Shukichi and Tomi, the retired couple who
travel to see their son, daughter and daughter-in-law in Ozu’s Tokyo Story, find themselves neglected
as their children, transformed by the metropolis, let the turbulence of busy
lives distract them from proper family affections. The pace, even by Ozu’s
standards, is, shall we say, measured,
but the atmosphere and emotional currents he generates stay in the memory in
ways the lightly-handled plot details make unexpected.
A Tokyo
Story is a story of loneliness, dislocation, changed ways, misrecognition.
Quite rightly.
But why is loneliness not seen, outside the
metropolis and our fantasies of its functions, as the normal state of affairs,
or part of their essential mix? I wasted many months moping my way through a
decent supply of self-pity through 2010. Having returned, reluctantly, from
Tokyo to an all-too-familiar Wellington, it took a while to work out what to
make with the realization that my experiences there weren’t going to mean
anything unless I turned them to personal use. It’s not just that New Zealand
can seem insular and overbearingly intimate after a big city, although that is
true.

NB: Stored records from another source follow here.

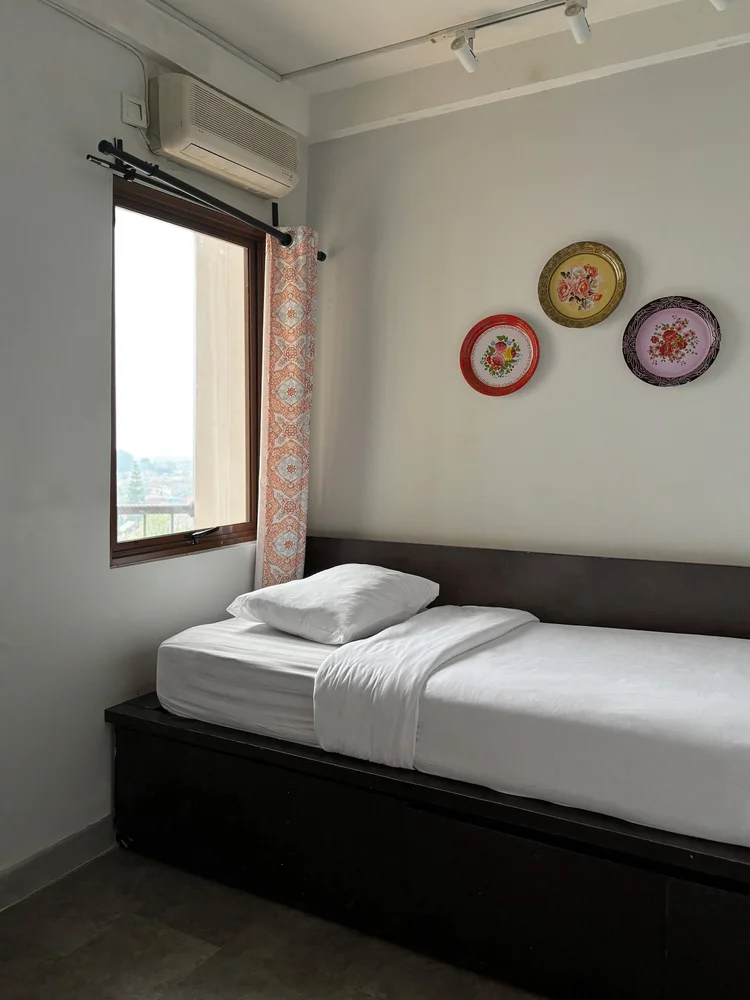 Marrakech: Kamar kedua: single bed 100 cm dengan AC sendiri.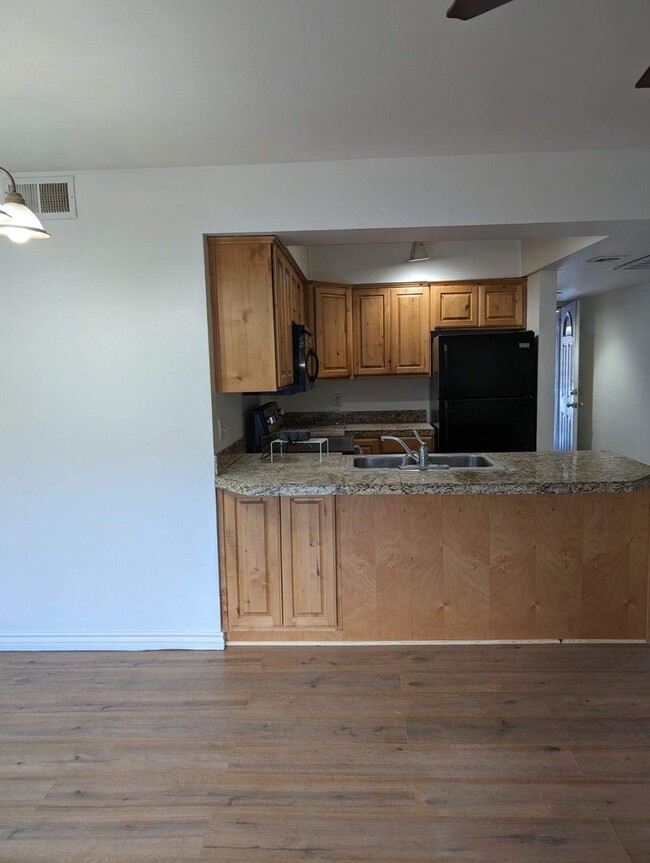 Newly Remodeled One Bedroom/ One Bath Condo - Newly Remodeled One Bedroom/ One Bath Condo Unit 10 243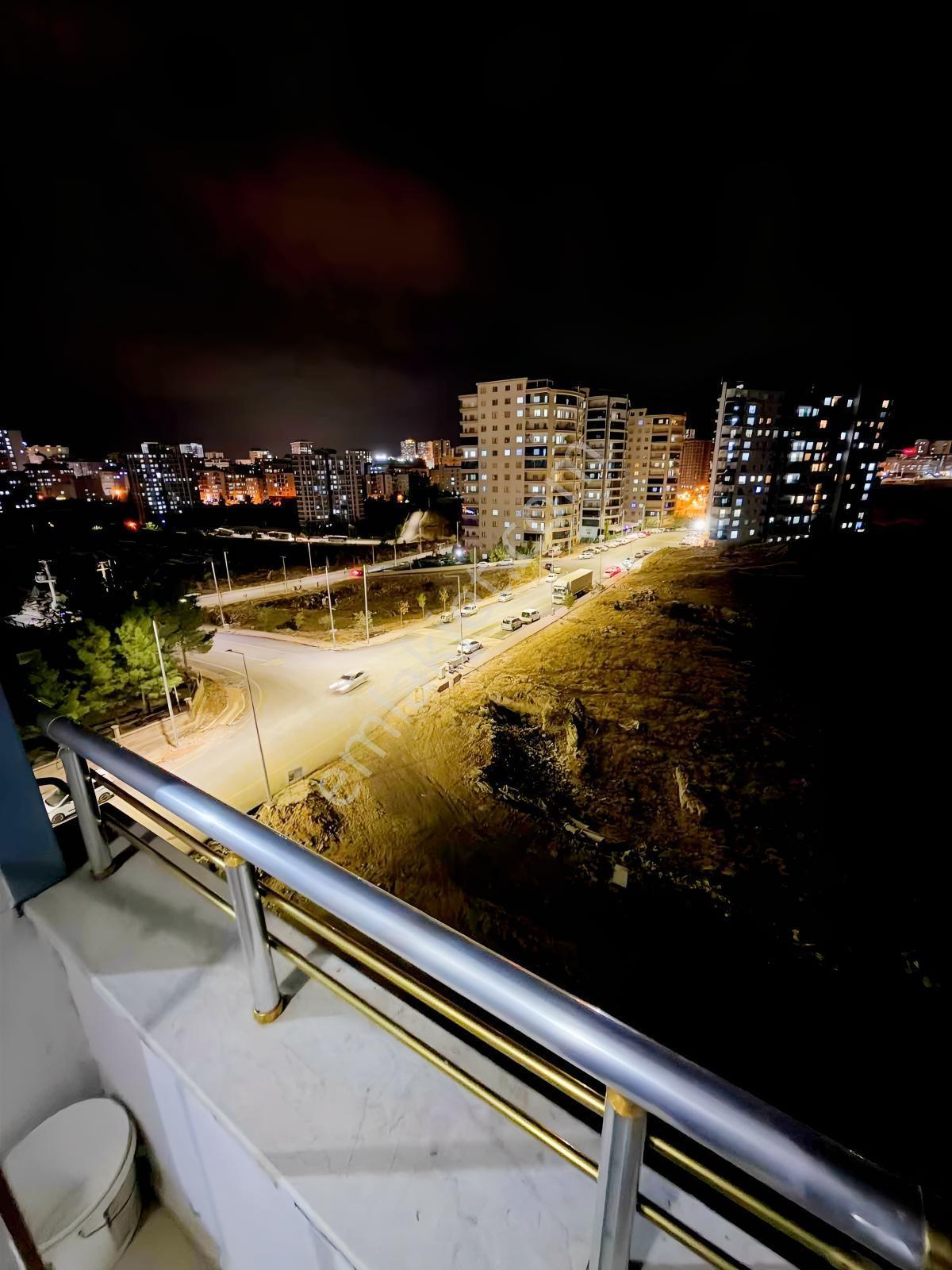 Sürer Emlak`tan Satılık 3+1 Daire`miz Merkezi Konumda Kalmakta — fotoğraf 18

It’s that the self-pity of the lonely returnee is really a form of
self-regard: can’t you all see me
changed?
Now, a little less reluctantly, knowing
I’ll be here a while, it’s the job of thinking through how I could bring those
experiences – and locations – into productive relation that gets me excited,
both in its difficulty and in the sense of quite general but still undefined
shared connections being grasped, connections Carl Shuker’s The Method Actors convinced me are set
to develop further.
*
It’s common to use Tokyo as short-hand for
the future itself. William Gibson is the master of this in English-language
writing, and his novels capture
“the new global way-stations and the piquant dissonances between picturesque
travellers and the future cities they suddenly find themselves in. Tokyo, to be
sure (Tokyo now and forever!)” That city is there, for sure, and the very
particular, almost dystopian, and cyberpunk, certainly, pleasures of Kenzo
Tange’s Tokyo Metropolitan Government Building remain undiminished after many
visits and awed glimpses.
That is not my Tokyo, though. There are
good economic reasons, as I’ve argued
before around Ghost in the Shell,
that the sense of Tokyo as the future contains within it a nostalgia for a
future that belongs properly to the past, or has passed to somewhere else.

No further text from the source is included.